The Microbial Solutions team at Charles River Labs is seeking an Associate Quality Systems Specialist at our site in Newark, DE.
The hours for this position are Monday – Friday 1000- 1830 Eastern Time Zone hours.
This position requires flexibility and the ability to work overtime to support business needs.
Basic Job Summary
The Associate Quality Systems Specialist will responsible for assisting / performing facility, process, vendor and local validation activities to assure compliance with applicable federal, state, and local regulations as well as corporate policies, Good Manufacturing Practice (GMP), applicable ISO requirements and Standard Operating Procedures (SOP). Responsible for supporting preliminary reviews of local quality requirements from the Quality Management System (QMS). Assist in executing continuous improvement initiatives as supported by QMS metrics and/or site management.
Essential Duties and Responsibilities
• Assure Charles River’s compliance with applicable federal, state, and local regulations as well as corporate policies to avoid any business interruptions. Communicate all identified compliance and quality risks to supervisor.

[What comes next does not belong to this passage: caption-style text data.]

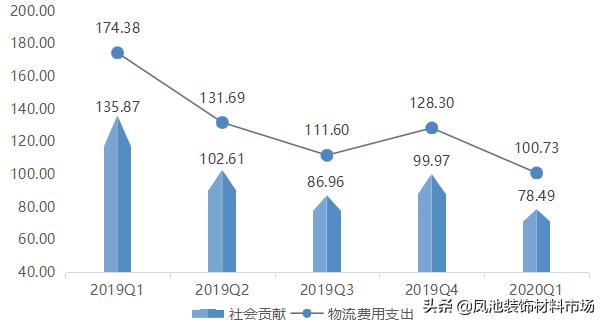 影响力指数有所下降，大沥·中国全铝家居指数2020年第一季度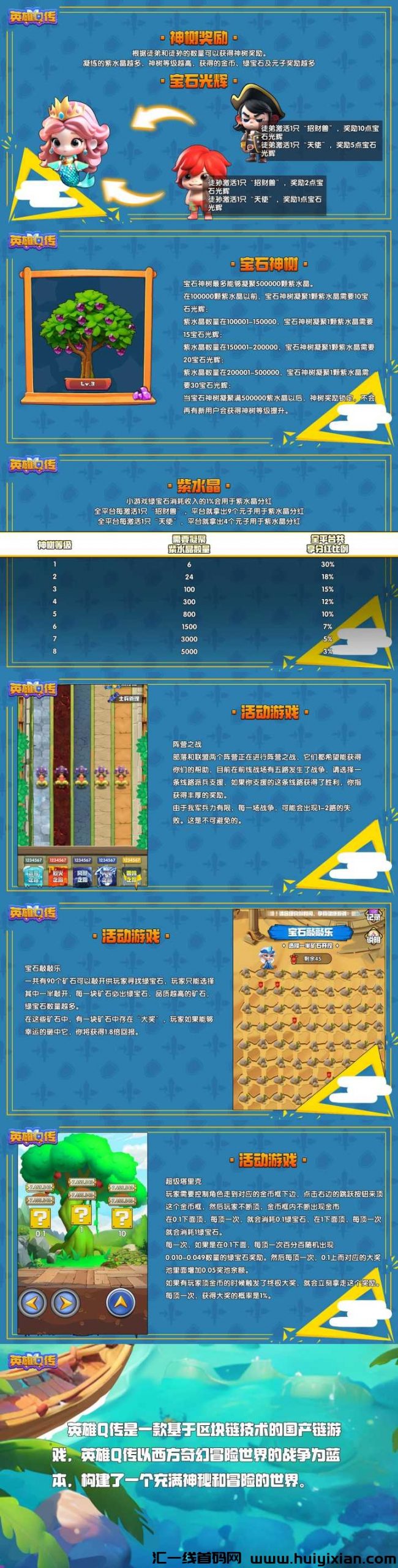 英雄Q传,对接团队长!-汇一线首码网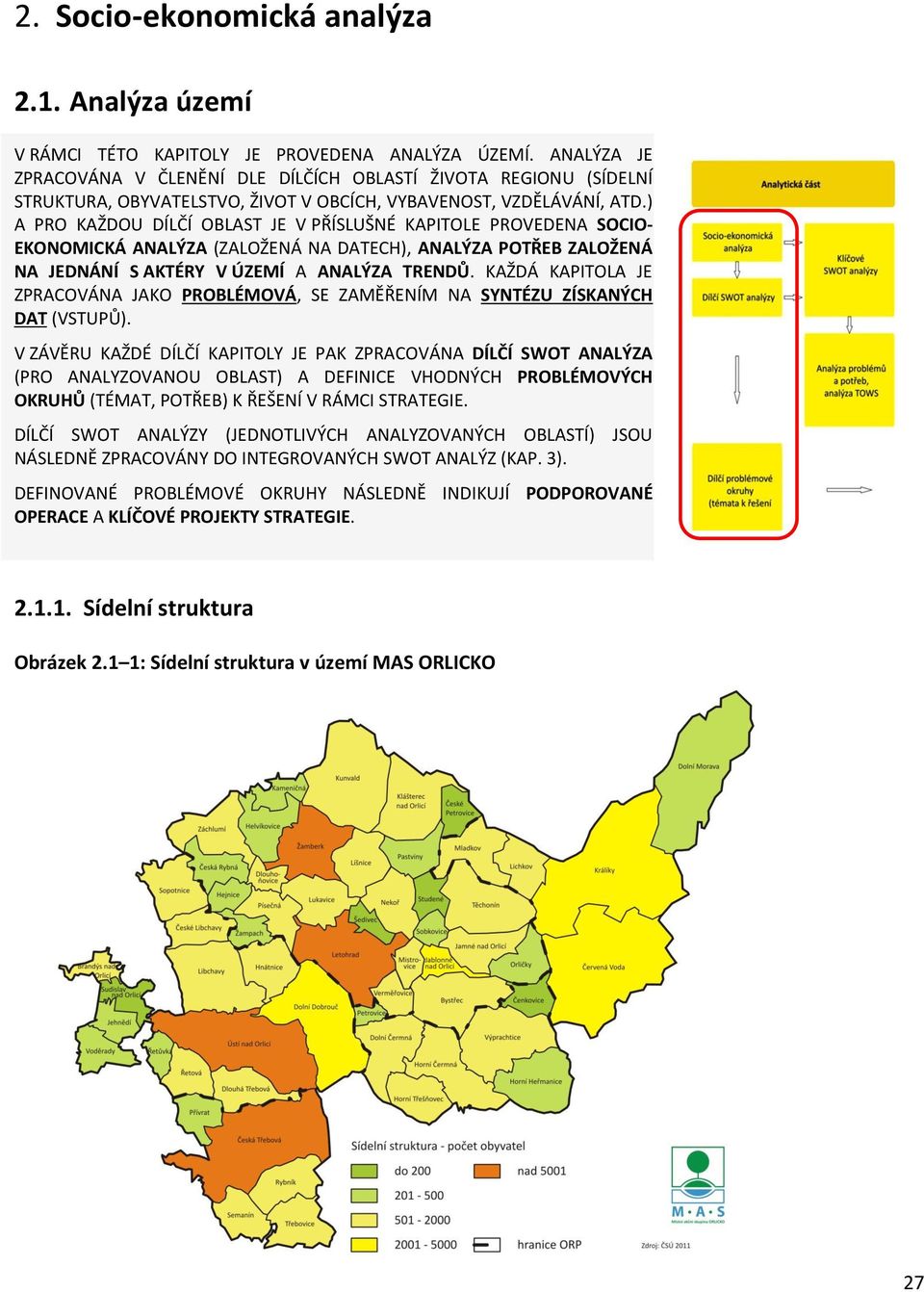 ) A PRO KAŽDOU DÍLČÍ OBLAST JE V PŘÍSLUŠNÉ KAPITOLE PROVEDENA SOCIO- EKONOMICKÁ ANALÝZA (ZALOŽENÁ NA DATECH), ANALÝZA POTŘEB ZALOŽENÁ NA JEDNÁNÍ S AKTÉRY V ÚZEMÍ A ANALÝZA TRENDŮ.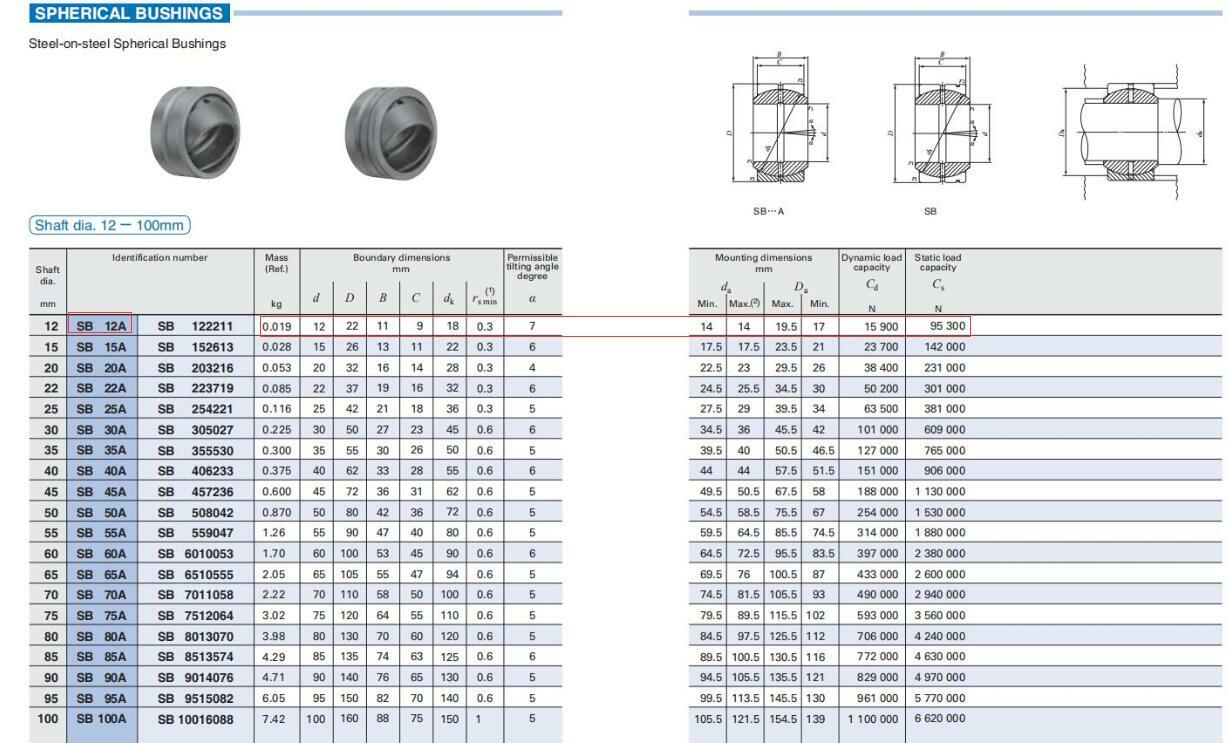 1PC NEW IKO SB12A Steel-on-steel Spherical Bushings 12x22x11mm Fast shipment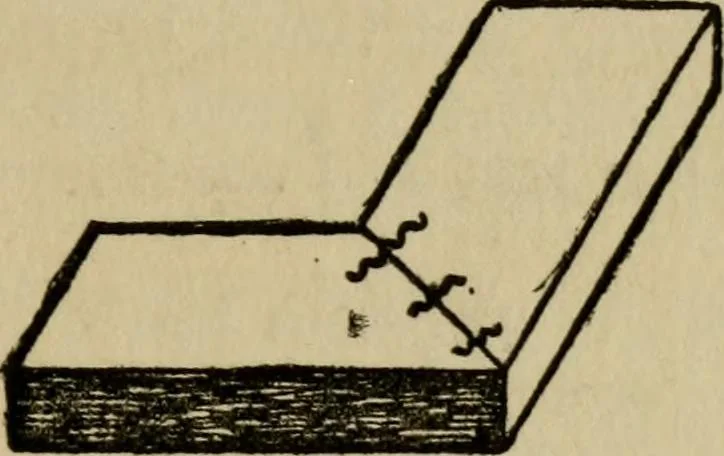 An illustration from Woodwork joints; how they are set out, how made and where used; with four hundred and thirty illustrations and a complete index of eleven hundred references, 1921, leaf 186
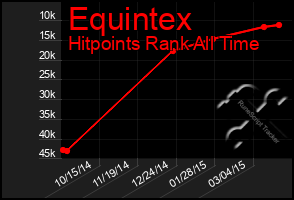 Total Graph of Equintex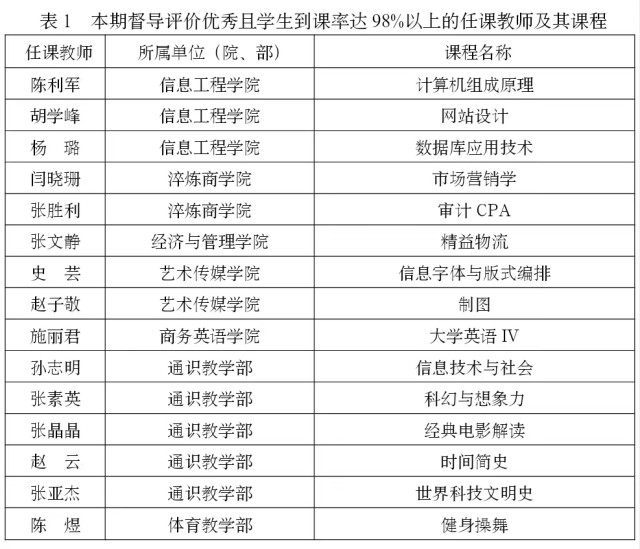 2023年春季学期教学督导简报第一期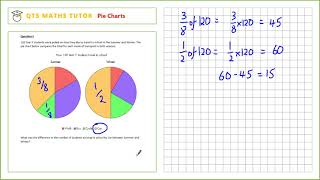 Numeracy Skills Test Revision Pie Charts Q amp A NEW [upl. by Summer191]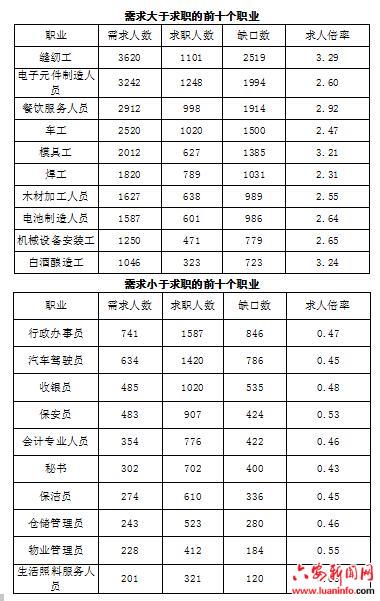 二季度职业供求“前十榜单”出炉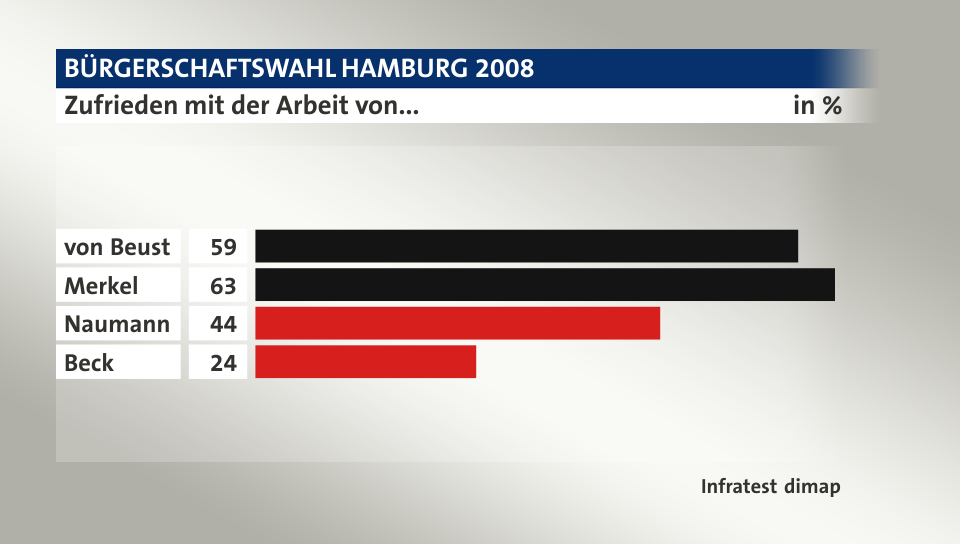 Zufrieden mit der Arbeit von..., in %: von Beust 59, Merkel 63, Naumann 44, Beck 24, Quelle: Infratest dimap
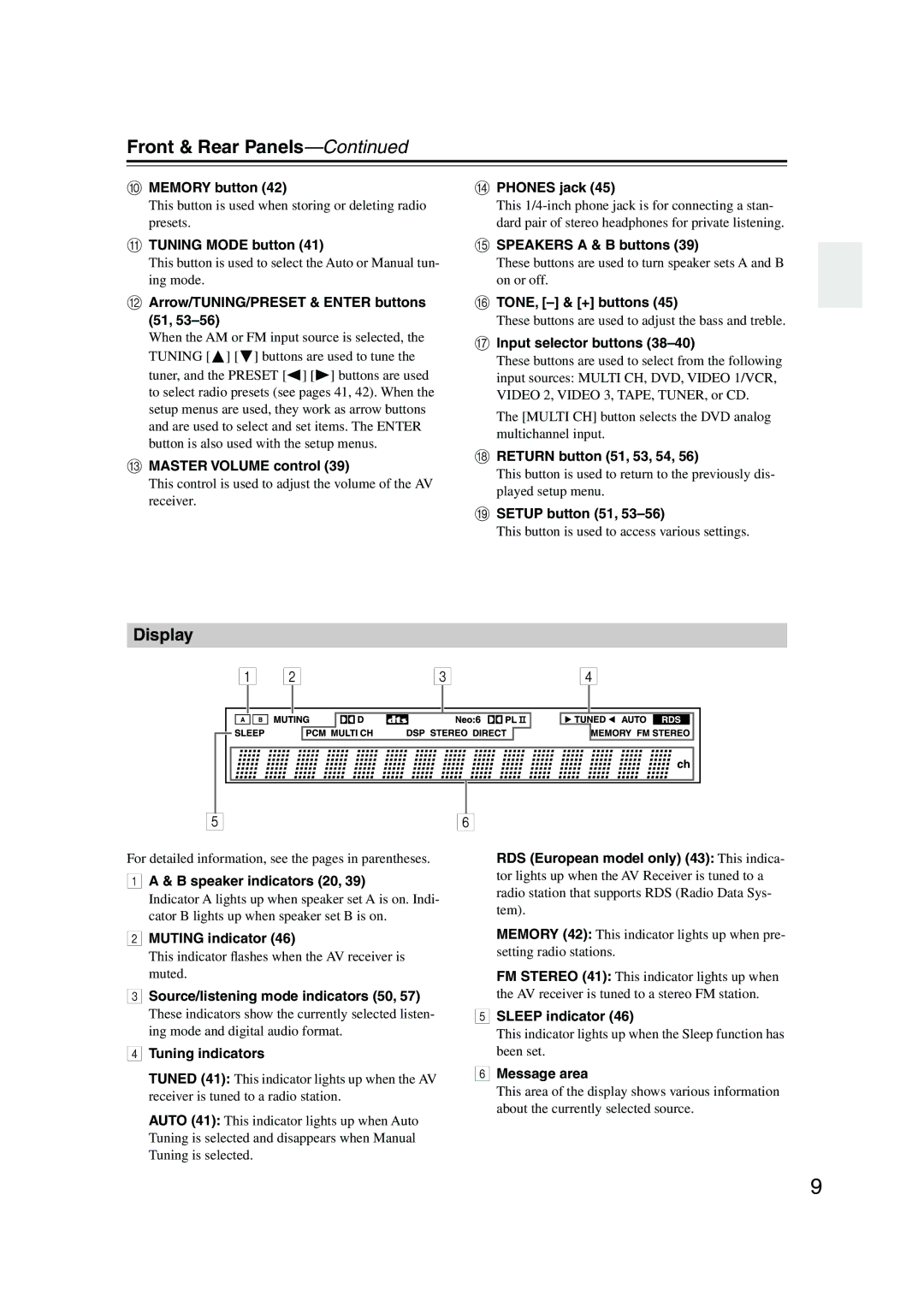 Onkyo HTP-318, HT-R340, HT-S3100, HTP-360, HT-S3105 instruction manual Front & Rear Panels, Display 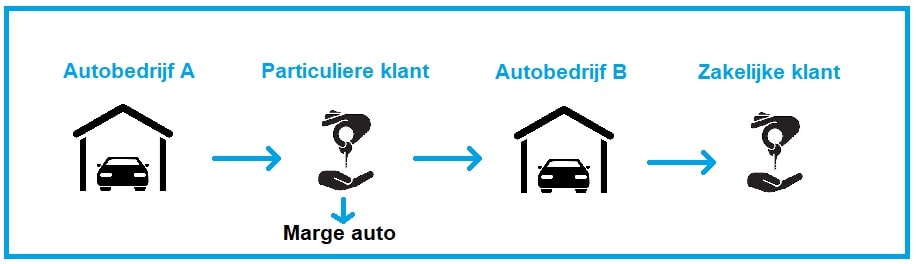 Marge Auto Financial Lease uitleg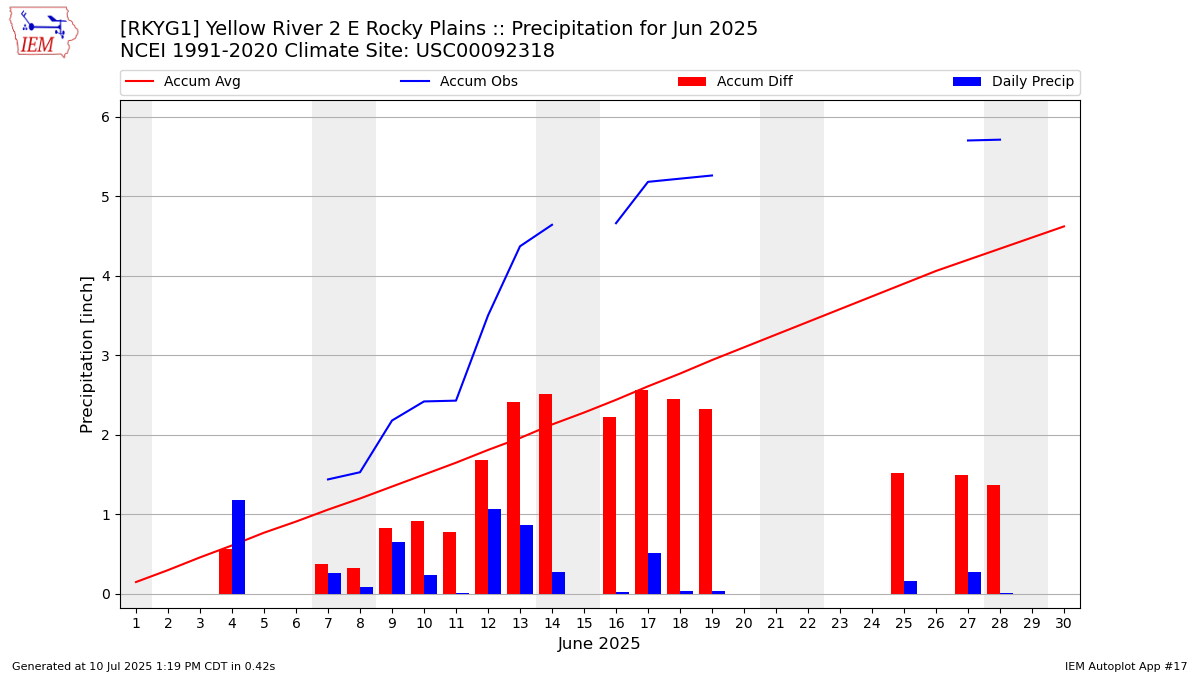 Monthly Plot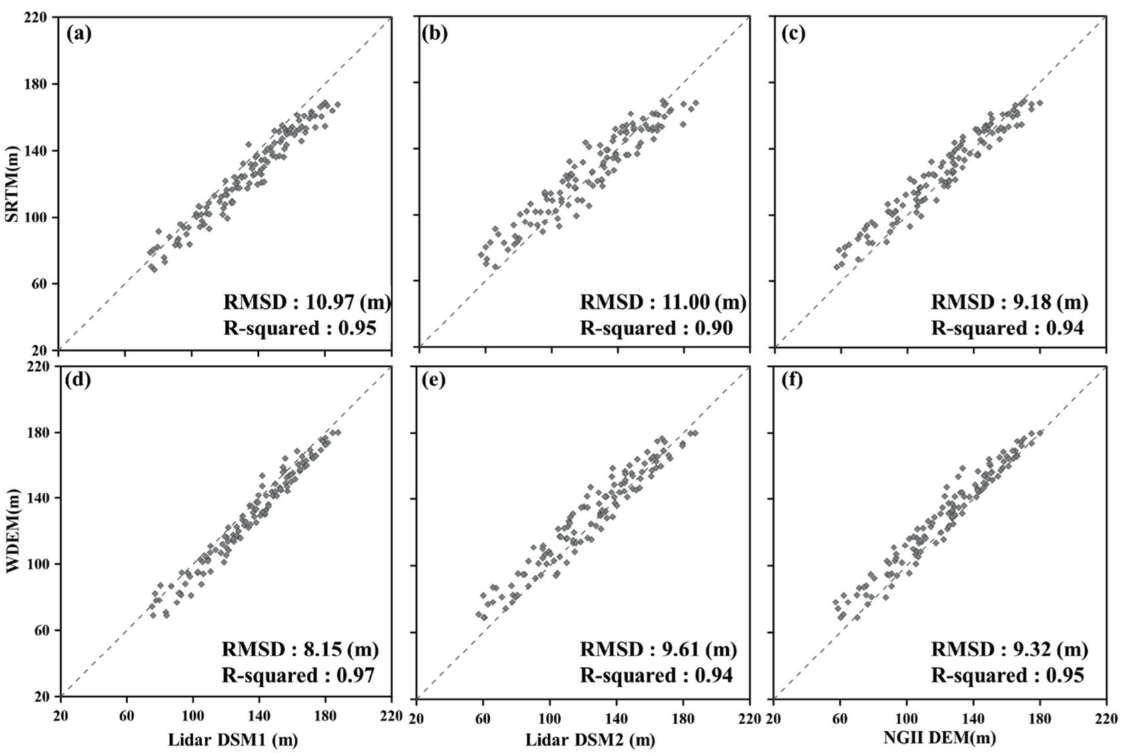 OGCSBN_2021_v37n5_1_1043_f0003.png 이미지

• Review SOPs, protocols/batch records, reports, quality and regulated records (e.g. deviations, change controls, or CAPA) involving technically complex issues and processes for accuracy and compliance with all applicable regulations and internal policies.
• Prepare written and signed records of all audits and inspections as required and may sign records as a trainee, countersigned by supervisor/trainer, documenting the performance of audits and inspections and reporting to management.
• Participate in the process the execution of improvements that have been agreed upon with Operations and Quality Management.
• Participate in the preparation of study and QA files in preparation for sponsor site visits and regulatory inspections; assure QA audit files are retained.
• Participate in the preparation of support during regulatory inspections, as required.
• Communicate all identified compliance and quality risks to senior team members and quality management.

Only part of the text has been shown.